38度を超える日もある猛暑が続く現在のニューヨークでは、メンズの展示会シーズン真っただ中だ。中も今年で6回目を迎えるトレードショー「カプセル」は、2007年のスタート時は参加ブランドが15だったのが、今回(7月22日〜23日)は220にまで増え、盛り上がりを見せている。
審査を通過したデザイナーのみが参加できるというこのトレードショーは、質の高いブランドがそろうということに加え、時代を先読みした新しい才能発掘に定評がある。たとえばここ数シーズンで人気が急上昇した「ノース・プロジェクツ(NORSE PROJECTS)」や「アワー・レガシー(OUR LEGACY)」といったスカンジナビアの若手によるブランドも、この「カプセル」が火付け役だった。
そんな若手の登竜門といえる「カプセル」で、今季注目されているのが「ロンドンの若手ブランド。カプセルの立ち上げメンバーの一人、エディーナ・サルタニク氏によると、「キット・ニール(Kit Neale)」や「クリストファー・シャノン(Christopher Shannon)」といった若手のロンドン出身の若手デザイナーが来シーズンのトレンドセッターになると予想しているという。

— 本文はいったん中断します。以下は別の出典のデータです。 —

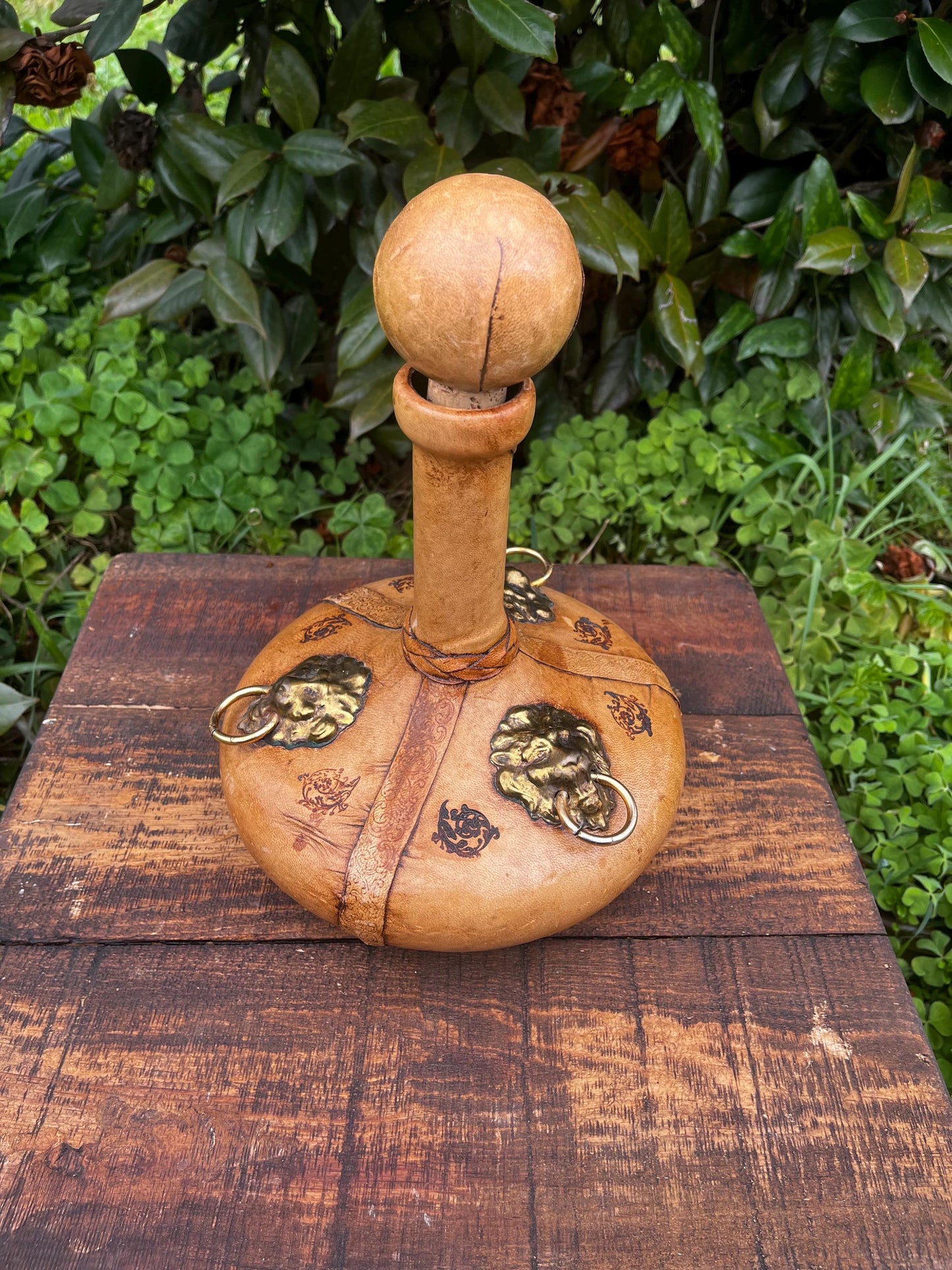 Italian Leather Wrapped Decanter, Luxury Wine Decanter, Elegant Barware, Wine Accessories, Gift for Host, Italian Craft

「今のロンドンの若手デザイナーたちが作り出すスタイルは、アメリカでは見られないような大胆な柄や色使いが特徴です。この柄と色は今季一番のトレンドで、ニューヨークでも影響が少しずつ見られるようになったと感じます。この2ブランドが、アメリカでコレクションを発表するのは、カプセルが初めてになるので、反応が楽しみですね」
ほかには、「モニタリー(Monitaly)」のような、仕立てのいいジャケットに機能素材を掛けあわせたアーバンスポーティーなスタイルのブランドも、注目の一つ。
「山登りにいくようなカジュアルなデザインなのに、仕立てがよくどこか落ち着いた雰囲気があるものや、逆にクラシックなスーツのデザインなのに素材はスポーティーなものなど、伝統と新しさのミックスは、今までにない何かを探している人たちに響くと思います」
「カプセル」では、これらのような新しいブランドのとともに「ウールリッチ(Woolrich)」や「トゥミ(TUMI)」「アルモーリュックス(Armor Lux)」のような老舗ブランドも並ぶ。
「私たちが最も重視しているのは、選り抜きの新旧交えたブランドが集まることで、参加デザイナーにコミュニティーを感じてもらうことなんです。実際、これまで参加デザイナーたちも、カプセルを情報交換の場として利用してきたところがあります。バイヤーたちのためでだけでなく、作り手が成長し続けるための交流の場でもあるのです」
開催中は、会場外でバーベキューを行ったり、無料のバーバー(床屋)やバー、またブルックリンの人気レストランのケータリングがあったりと、コレクションの展示以外にも、人々が交流し楽しめる工夫が多く施されている。